Filters: Year: 2023 × rust × Sorted by date


ast-grep (via) There are a lot of interesting things about this year-old project.

sg (an alias for ast-grep) is a CLI tool for running AST-based searches against code, built in Rust on top of the Tree-sitter parsing library. You can run commands like this:

sg -p ’await await_me_maybe($ARG)’ datasette --lang python

To search the datasette directory for code that matches the search pattern, in a syntax-aware way.

It works across 19 different languages, and can handle search-and-replace too, so it can work as a powerful syntax-aware refactoring tool.

My favourite detail is how it’s packaged. You can install the CLI utility using Homebrew, Cargo, npm or pip/pipx—each of which will give you a CLI tool you can start running. On top of that it provides API bindings for Rust, JavaScript and Python! # 10th December 2023, 7:56 pm

Writing Python like it’s Rust (via) Fascinating article by Jakub Beránek describing in detail patterns for using type annotations in Python inspired by working in Rust. I learned new tricks about both languages from reading this. # 21st May 2023, 12:18 am

Rye. Armin Ronacher’s take on a Python packaging tool. There are a lot of interesting ideas in this one—it’s written in Rust, configured using pyproject.toml and has some very strong opinions, including completely hiding pip from view and insisting you use “rye add package” instead. Notably, it doesn’t use the system Python at all: instead, it downloads a pre-compiled standalone Python from Gregory Szorc’s python-build-standalone project—the same approach I used for the Datasette Desktop Electron app.

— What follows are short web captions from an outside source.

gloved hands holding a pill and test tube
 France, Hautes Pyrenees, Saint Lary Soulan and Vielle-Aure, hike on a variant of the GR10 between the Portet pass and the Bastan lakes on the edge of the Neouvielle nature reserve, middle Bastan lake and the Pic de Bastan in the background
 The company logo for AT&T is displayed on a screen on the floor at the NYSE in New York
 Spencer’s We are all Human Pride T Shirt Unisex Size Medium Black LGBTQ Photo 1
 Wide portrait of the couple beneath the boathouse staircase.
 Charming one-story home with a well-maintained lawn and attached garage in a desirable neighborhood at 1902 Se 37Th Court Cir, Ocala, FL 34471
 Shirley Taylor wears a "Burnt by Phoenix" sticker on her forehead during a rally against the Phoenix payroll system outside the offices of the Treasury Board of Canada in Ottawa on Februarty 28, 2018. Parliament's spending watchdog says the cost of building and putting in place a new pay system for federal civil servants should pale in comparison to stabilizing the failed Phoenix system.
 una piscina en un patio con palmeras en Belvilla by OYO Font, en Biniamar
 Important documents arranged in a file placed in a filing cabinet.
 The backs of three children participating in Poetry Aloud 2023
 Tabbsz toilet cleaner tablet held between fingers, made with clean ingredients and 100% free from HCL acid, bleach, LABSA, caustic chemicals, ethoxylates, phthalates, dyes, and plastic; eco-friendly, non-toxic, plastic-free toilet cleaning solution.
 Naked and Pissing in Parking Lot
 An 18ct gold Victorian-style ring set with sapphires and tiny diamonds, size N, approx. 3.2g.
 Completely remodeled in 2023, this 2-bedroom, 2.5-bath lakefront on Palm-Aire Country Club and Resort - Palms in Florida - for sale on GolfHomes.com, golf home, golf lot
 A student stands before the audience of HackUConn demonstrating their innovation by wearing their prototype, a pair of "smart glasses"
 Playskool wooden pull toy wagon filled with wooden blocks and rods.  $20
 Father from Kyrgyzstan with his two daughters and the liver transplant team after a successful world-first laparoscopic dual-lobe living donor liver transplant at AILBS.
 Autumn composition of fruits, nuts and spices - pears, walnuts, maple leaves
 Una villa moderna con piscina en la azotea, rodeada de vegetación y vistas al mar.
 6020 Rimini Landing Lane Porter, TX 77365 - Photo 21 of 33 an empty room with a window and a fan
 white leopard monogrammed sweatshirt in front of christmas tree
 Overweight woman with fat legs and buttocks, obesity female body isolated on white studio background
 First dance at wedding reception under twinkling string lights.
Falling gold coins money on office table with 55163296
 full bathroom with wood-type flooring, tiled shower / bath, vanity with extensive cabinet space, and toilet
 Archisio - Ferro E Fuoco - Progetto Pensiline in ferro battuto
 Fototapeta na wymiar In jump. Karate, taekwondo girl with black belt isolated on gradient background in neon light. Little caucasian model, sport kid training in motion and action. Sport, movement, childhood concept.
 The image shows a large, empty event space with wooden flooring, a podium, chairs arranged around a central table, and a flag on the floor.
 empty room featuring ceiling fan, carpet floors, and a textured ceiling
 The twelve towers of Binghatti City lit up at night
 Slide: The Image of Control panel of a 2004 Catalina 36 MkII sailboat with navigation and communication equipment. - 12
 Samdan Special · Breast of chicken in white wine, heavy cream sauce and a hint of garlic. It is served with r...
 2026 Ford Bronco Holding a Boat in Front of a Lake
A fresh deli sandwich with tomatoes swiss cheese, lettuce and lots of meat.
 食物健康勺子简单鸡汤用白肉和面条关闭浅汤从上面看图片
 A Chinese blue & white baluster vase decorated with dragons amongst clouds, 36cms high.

Armin warns that this is just an exploration, with no guarantees of future maintenance—and even has an issue open titled “Should Rye exist?” # 24th April 2023, 4:02 am

How Discord Stores Trillions of Messages (via) This is a really interesting case-study. Discord migrated from MongoDB to Cassandra back in 2016 to handle billions of messages. Today they’re handling trillions, and they completed a migration from Cassandra to Scylla, a Cassandra-like data store written in C++ (as opposed to Cassandra’s Java) to help avoid problems like GC pauses. In addition to being a really good scaling war story this has some interesting details about their increased usage of Rust. As a fan of request coalescing (which I’ve previously referred to as dogpile prevention) I particularly liked this bit:

“Our data services sit between the API and our ScyllaDB clusters. They contain roughly one gRPC endpoint per database query and intentionally contain no business logic. The big feature our data services provide is request coalescing. If multiple users are requesting the same row at the same time, we’ll only query the database once. The first user that makes a request causes a worker task to spin up in the service. Subsequent requests will check for the existence of that task and subscribe to it. That worker task will query the database and return the row to all subscribers.” # 8th March 2023, 7:07 pm

The technology behind GitHub’s new code search (via) I’ve been a beta user of the new GitHub code search for a while and I absolutely love it: you really can run a regular expression search across the entire of GitHub, which is absurdly useful for both finding code examples of under-documented APIs and for seeing how people are using open source code that you have released yourself. It turns out GitHub built their own search engine for this from scratch, called Blackbird. It’s implemented in Rust and makes clever use of sharded ngram indexes—not just trigrams, because it turns out those aren’t quite selective enough for a corpus that includes a lot of three letter keywords like “for”.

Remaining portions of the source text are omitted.